I was also surprised to learn about the difficulties on Rugrats. Arlene Klasky, who was one of the creators of the show, along with her husband, Gabor Csupo, did not get along with the writers. Arlene hated the writing staff, and the writing staff hated Arlene. There were things that people told me where they'd call me back and be like, "Can you actually delete that out of the book?" [Laughs]
Time Out New York: As a kid when you're watching these shows, you'd never guess that there are arguments or discord going on behind the scenes.
Mathew Klickstein: The people working on these shows are young, frustrated artists who aren't being paid very much, and they're doing a bunch of things at once. You had these very eclectic minds and personalities, and they're being told on some level that they can't say or do certain things, and that repression's building up. As [former Nickelodeon executive] Gerry Laybourne says in the book: If you think these people are saints, you're wrong.
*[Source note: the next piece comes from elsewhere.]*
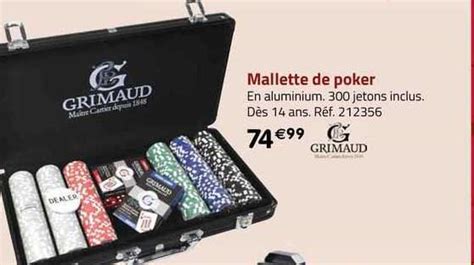 Promo Mallette De chez La Grande Récré iCatalogue fr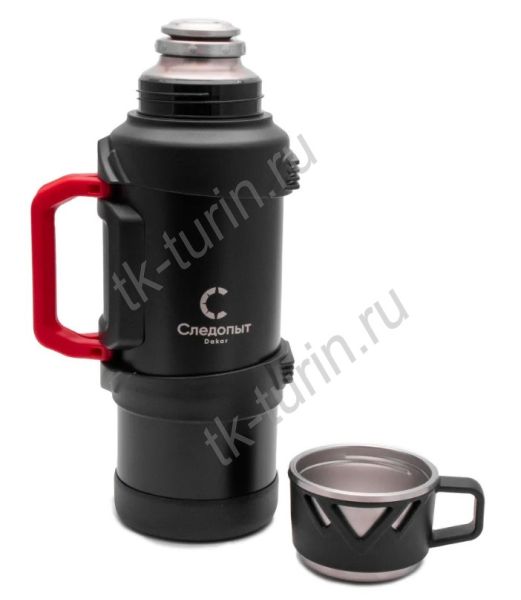 Термос 1,9л DAKAR PF-TM-28, изображение 2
They're just as crazy as any artist or writer or anyone. They get frustrated, they get mad, and they need that creative outlet.
Time Out New York: Did this change your view of these shows, or did it deepen your appreciation for that period?
Mathew Klickstein: It definitely bolstered my love of these shows and the people. There were some shows that I learned to respect a lot more that I might not have been into as much when I was younger. I have that extra cinematic aspect about it, where I know what was going on behind the scenes; that made me appreciate it that much more.
Time Out New York: What was your favorite Nick show at the time, and did that change as you were working on the book?
Mathew Klickstein: Every show had something that was really special about it. But The Adventures of Pete & Pete—just everything about it, from the way it was shot to the music and the sound effects and the tone and the costumes. The quotidian boredom that they were able to play with—I really connected with that aspect of it. Before even Seinfeld, it was a show for kids about nothing. Every episode was about the minutiae of life. And then Ren & Stimpy was just nuts. I had a Ren & Stimpy birthday party when I was a kid.